**PROBLEM**
Copy the lines of the data below exactly, starting at the first and stopping after the line that contains "Turquoise & White"; include no pictures.

......

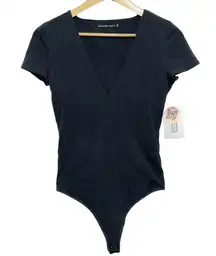 Abercrombie & Fitch Navy Blue Cotton V-Neck Short Sleeve Bodysuit Womens Size M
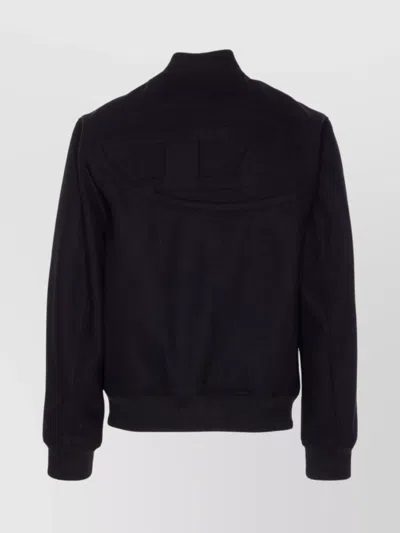 Diesel Bomber Jacket With Embroidered Logo In Black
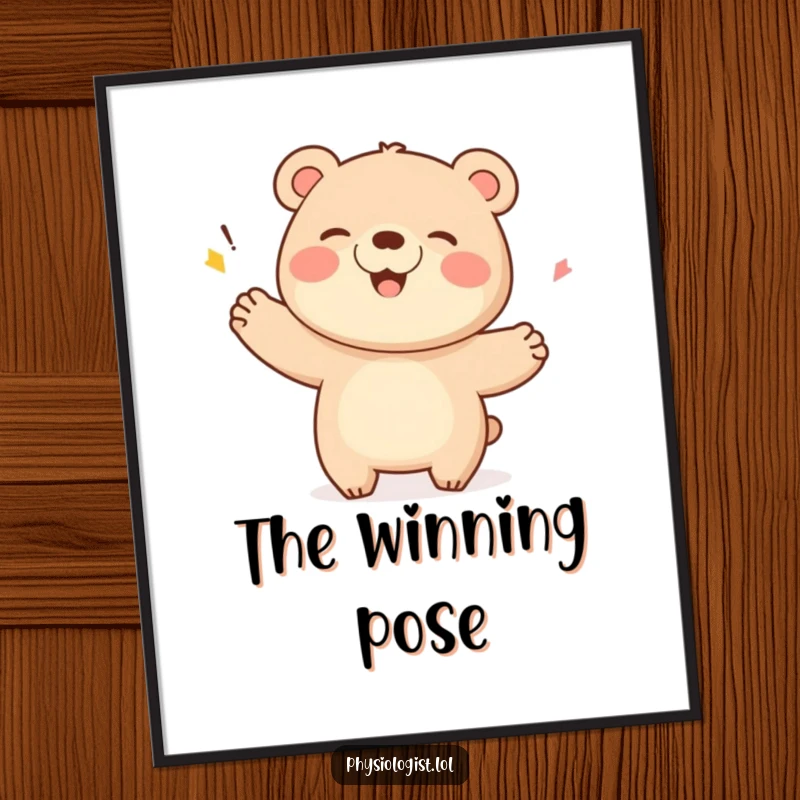 Funny Bear Digital Art Print: A giggling bear performing a flourish after a score, creating a joyous and humorous visual.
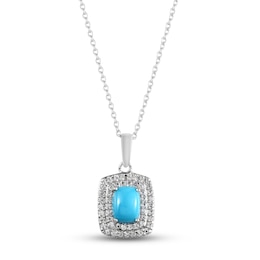 Turquoise & White Lab-Created Sapphire Necklace Sterling Silver 18&quot;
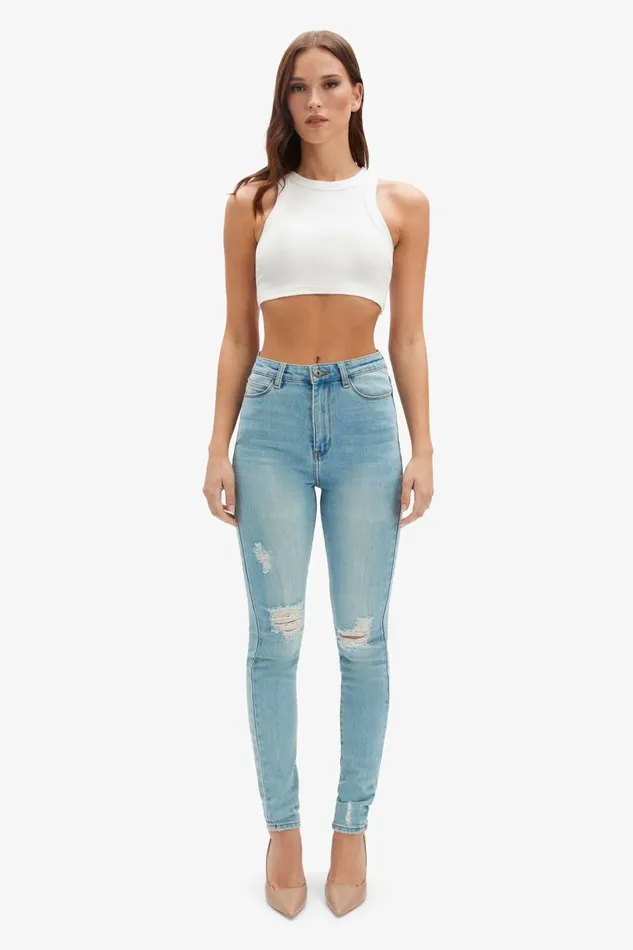 Bardot Skinny Jean Women Khloe Super High Tall Jeans In Mid Blue Mid Blue Bardot Skinny Jean Women Khloe Super High Tall Jeans In Mid Blue Mid Blue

......

**EXERCISE ANSWER**
 Abercrombie & Fitch Navy Blue Cotton V-Neck Short Sleeve Bodysuit Womens Size M
 Diesel Bomber Jacket With Embroidered Logo In Black
 Funny Bear Digital Art Print: A giggling bear performing a flourish after a score, creating a joyous and humorous visual.
 Turquoise & White Lab-Created Sapphire Necklace Sterling Silver 18&quot;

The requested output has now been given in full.